COG-UK / dipi-group

Data integrity and pipeline integration working group
4 stars 1 forks source link

PHE1 MDV performance #199

Closed SamStudio8 closed 2 years ago

SamStudio8 commented 2 years ago

Just like everything else in our systems; the v3 API endpoint for sharing linkage with PHE/UKHSA has steadily grown slower.

The v3 API was written to leverage the Django Rest Framework and deployed an ingenious method to dynamically select fields for serialisation; which was hopefully going to herald a new era of data management. Unfortunately, as previously lamented, the way Majora links artifacts and processes together leads to poor performance for serialising large numbers of objects.

It would be nice if it wasn't slow.

SamStudio8 commented 2 years ago

Commit https://github.com/CLIMB-COVID/majora2/commit/61255f246c2a95e59b040557d9068c68b041ff9b hard codes a PHE1-FAST MDV. The definition is strictly followed and a modest test suite tests the basics of the function that replaces the magic DRF dynamic view.

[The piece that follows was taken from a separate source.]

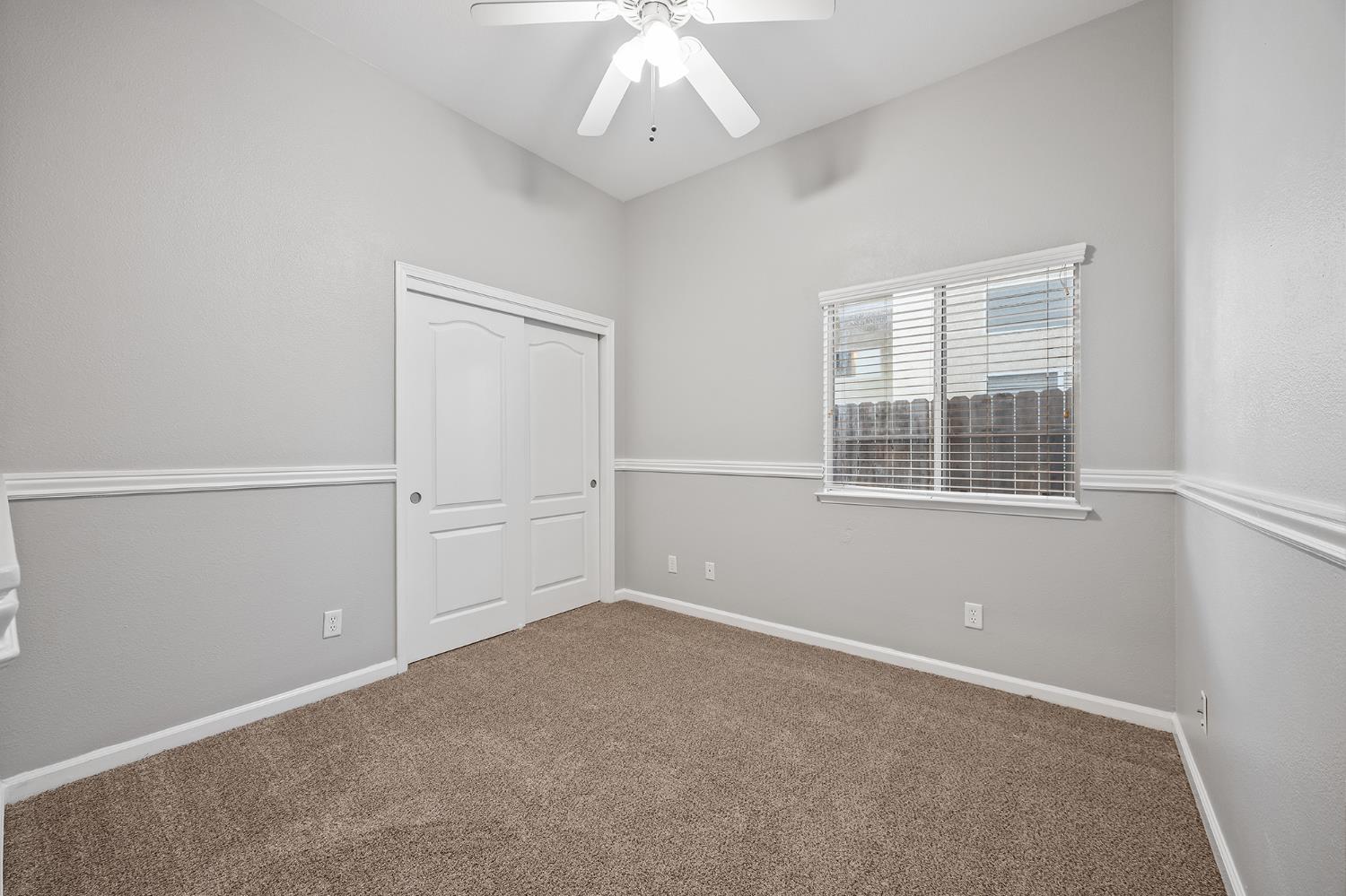 9786 N Backer Ave, Fresno, CA 93720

Merely counting the size of the two query sets proves promising as they are at least the same size!

>>> mdv = models.MajoraDataview.objects.get(code_name="PHE1")
>>> queryset = apps.get_model("majora2", mdv.entry_point).objects.all()                                                  
>>> queryset.filter( mdv.get_filters() ).count()                                                                         
2114223
>>> len(mdv_tasks.subtask_get_mdv_v3_phe1_faster())
2114223

I'll liaise with FS to test this out this week. The performance delta is going to blow their socks off.

This isn't so troublesome for the DA1 view as it has not grown at the same rate (and linked samples are additionally removed from DA1, so it does not grow constantly). However, this approach would work to speed up the DA1 view in future if required.

SamStudio8 commented 2 years ago

PHE1-FAST appears to complete in around 60 seconds as opposed to 1h+, I will never design something that falls into the trap of that pesky n+1 query problem again.